In 2019, I analyzed Book XVIII into seven parts, which I described only briefly; and then I developed seven points, sometimes straying far from Homer. Briefly, the points were thus:

  1. Homer’s account of the shield of Achilles is an instance of ekphrasis.
  2. As on the shield, a dance may be better shown through the path of its movements than through a snapshot of the dancers.
  3. As Zeus summarized what was to come, in Book XV, so Thetis summarizes what has happened so far.
  4. Achilles takes responsibility for the death of Patroclus.
  5. Chapman’s use of “whom” rather than “who” sets off musings on grammatical prescription and description, leading inevitably to the conclusion that, while breathing and digesting may be autonomic, we are autonomous in our speaking and writing. (I enjoyed using those words when pondering Automedon’s solution to a practical problem in Book XVI.)
  6. As Aias observed that the Achaeans had no city to retreat to, at the end of Book XVI, so Hector observes that there is not much left of Troy to retreat to.
  7. Women engage in sympathetic wailing.

Achilles in his camp

Having been sent to Achilles by Aias through the intermediary of Menelaus in the previous book, Antilochus finds the son of Peleus already contemplating the possibility that Patroclus has been killed. When his fears are confirmed, his enslaved women wail. Antilochus does too, while keeping presence of mind enough to hold Achilles’s hands, lest they take up a knife to cut their owner’s throat.

Thetis hears the groans of her son, and the other Nereids gather about her. Homer names them in a list that I alphabetize by means of LibreOffice: (See note 2)

  1. Actaee,
  2. Agave,
  3. Amatheia,
  4. Amphinone,
  5. Amphithoe,
  6. Apseudes,
  7. Callianassa,
  8. Callianeira,
  9. Clymene,
  10. Cymodoce,
  11. Cymothoe,
  12. Dexamene,
  13. Doris,
  14. Doto,
  15. Dynamene,
  16. Galatea,
  17. Glauce,
  18. Halie,
  19. Iaera,
  20. Ianassa,
  21. Ianeira,
  22. Limnoreia,
  23. Maera,
  24. Melite,
  25. Nemertes,
  26. Nesaea,
  27. Oreithyia,
  28. Panope,
  29. Pherousa,
  30. Proto,
  31. Speio,
  32. Thaleia,
  33. [Thetis],
  34. Thoe,
  35. “other Nereids that were in the deep of the sea.”

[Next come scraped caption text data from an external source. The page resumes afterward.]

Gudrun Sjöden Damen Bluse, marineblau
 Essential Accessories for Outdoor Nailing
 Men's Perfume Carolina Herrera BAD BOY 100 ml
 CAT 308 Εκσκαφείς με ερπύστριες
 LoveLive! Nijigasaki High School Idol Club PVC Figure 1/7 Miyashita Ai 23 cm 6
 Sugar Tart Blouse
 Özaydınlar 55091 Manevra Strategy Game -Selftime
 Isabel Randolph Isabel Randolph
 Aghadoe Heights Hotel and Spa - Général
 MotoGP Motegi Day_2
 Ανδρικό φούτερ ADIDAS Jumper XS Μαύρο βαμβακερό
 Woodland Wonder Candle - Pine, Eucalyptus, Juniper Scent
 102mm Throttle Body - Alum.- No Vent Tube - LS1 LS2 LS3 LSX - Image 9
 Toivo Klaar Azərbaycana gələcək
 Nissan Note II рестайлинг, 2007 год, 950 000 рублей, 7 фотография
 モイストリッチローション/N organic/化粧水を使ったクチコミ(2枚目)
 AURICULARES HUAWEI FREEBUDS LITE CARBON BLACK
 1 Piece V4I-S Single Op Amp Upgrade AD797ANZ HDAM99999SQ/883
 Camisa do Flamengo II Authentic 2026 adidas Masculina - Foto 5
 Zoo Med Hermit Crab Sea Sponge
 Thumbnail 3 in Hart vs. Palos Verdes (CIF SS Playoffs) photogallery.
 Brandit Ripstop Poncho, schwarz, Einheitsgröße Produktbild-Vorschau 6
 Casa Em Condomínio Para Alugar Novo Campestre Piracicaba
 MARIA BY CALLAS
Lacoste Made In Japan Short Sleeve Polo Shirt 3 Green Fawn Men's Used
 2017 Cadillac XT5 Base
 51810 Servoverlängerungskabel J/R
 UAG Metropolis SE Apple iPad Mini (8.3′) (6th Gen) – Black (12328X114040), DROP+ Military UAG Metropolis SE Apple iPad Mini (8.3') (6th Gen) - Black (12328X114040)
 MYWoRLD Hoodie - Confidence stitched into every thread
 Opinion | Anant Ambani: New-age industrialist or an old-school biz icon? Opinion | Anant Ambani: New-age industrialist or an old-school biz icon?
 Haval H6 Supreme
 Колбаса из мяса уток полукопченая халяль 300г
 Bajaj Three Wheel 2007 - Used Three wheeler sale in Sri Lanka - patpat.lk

Thetis is unhappy to have borne a son

  • whom she raised and sent off to Troy, but
  • who will never return to the house of Peleus.

She knows

  • not what his problem is,
  • only that she cannot help him.

A child’s problems are harder to solve, once the child grows up. Thetis thought she had solved Achilles’s problem by securing the aid of Zeus in Book I. She tells her son this when she visits him, accompanied by the Nereids. She says the Achaeans have learned that they need him.

Achilles tells his mother that he has been bereft of

  • Patroclus,
  • the armor given to Peleus when Thetis was given to him as wife.

There is a back story about the marriage here that Homer may expect his listeners to know, though we may not be sure what it is. (See note 3)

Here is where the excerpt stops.